Style: Hard Rock
Release Date: 18 Feb 2022
Sites: Facebook | Instagram
Last January, I asked the genial Chris Franklin of the essential Raised on Rock radio show to pick an album that I'd missed from the previous year. He suggested the Fans of the Dark debut, which was a peach of an album, so I was eager to repeat that question this year. I'll be listening to a couple of albums that he's suggested, one rock and one metal, this month and here's the former. It's not an immense surprise to find that Manic Sinners are released through Frontiers, but they're putting a lot of good music out nowadays and you can hear plenty of it on Chris's show.
The band is based in Romania, though Toni Dijmarescu lives in Germany, and they're a trio with an immense amount of experience. Adrian Igrișan plays drums and keyboards here for the most part, though he's best known as the current lead singer and guitarist for heavy metal band Cargo, who have been rocking Timișoara since 1985. Dijmarescu is a session musician best known for multiple releases by Reșița Rocks and Călin Pop. That leaves Ovidiu Anton on lead vocals, who's newer but would have represented Romania in the Eurovision Song Contest in 2016, had their TV company's debs prompted them to withdraw.
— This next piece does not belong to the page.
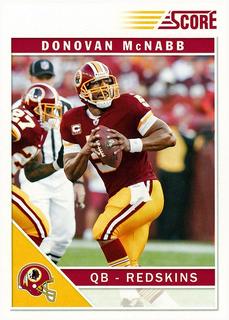 Donovan McNabb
Manic Sinners play a form of hard rock that's obviously rooted in the eighties but with a variety of influences from across the spectrum. The first one that leapt out at me was Whitesnake, because they're here in Anton's vocals and Dijmarescu's guitars, but Europe sprang to mind quickly too and there's often some Dio in Anton's phrasing. It's definitely a commercial sound and, while there are softer songs like Anastasia and Carousel, there are moments where they move closer to the heavy metal border. That's mostly through the guitars of Dijmarescu but surely the heaviest song here is Nobody Moves, in large part because Igrișan contributes a much heavier bass.
I liked the album on a first listen but it didn't knock me out, even though there are a string of good tracks to open things up. However, the more I listened, the better it got. Drifters Union and King of the Badlands aren't just good openers, they're excellent openers, and Under the Gun and Nobody Moves keep growing on me too, to the point where they're clear highlights. Most importantly, the album runs a generous fifty-five minutes but none of the dozen songs here let the side down. Not all are highlights but none are filler and that's impressive on a debut album this long.
Also impressive is how that statement holds true even on the softer songs. Anastasia is a ballad in the style of Europe; Carousel isn't but it's still softer and still more melodic than what's around it; and Crimson Queen is a brief but tasty guitar piece. Even A Million Miles, which starts with a woah and brings it back during the chorus, is solid, though it's almost the epitome of something that I'd expect Chris to like more than me. It's almost textbook melodic rock, the guitars keeping back but always being ready to nudge things forward with a riff, the beat politely urgent, the vocals soaked in soulful vocal fry. There isn't an original bone in its body, but it does what it does well.
And so, while I liked this from my first time through, I like it more with each listen and I'm a few in right now. There's nothing here to challenge the listener. There's little that's particularly original, though songs like Under the Gun and Nobody Moves add some more unusual elements that would never feel right on material that's content with being traditional. The former boasts a delightfully prowling intro and the latter, after another neat intro, includes some fascinating backing vocals in a folky choral style. Mostly, it's just melodic hard rock done right.
So, thanks, Chris once more for picking out another strong one for me. Now I'm looking forward to the other one all the more.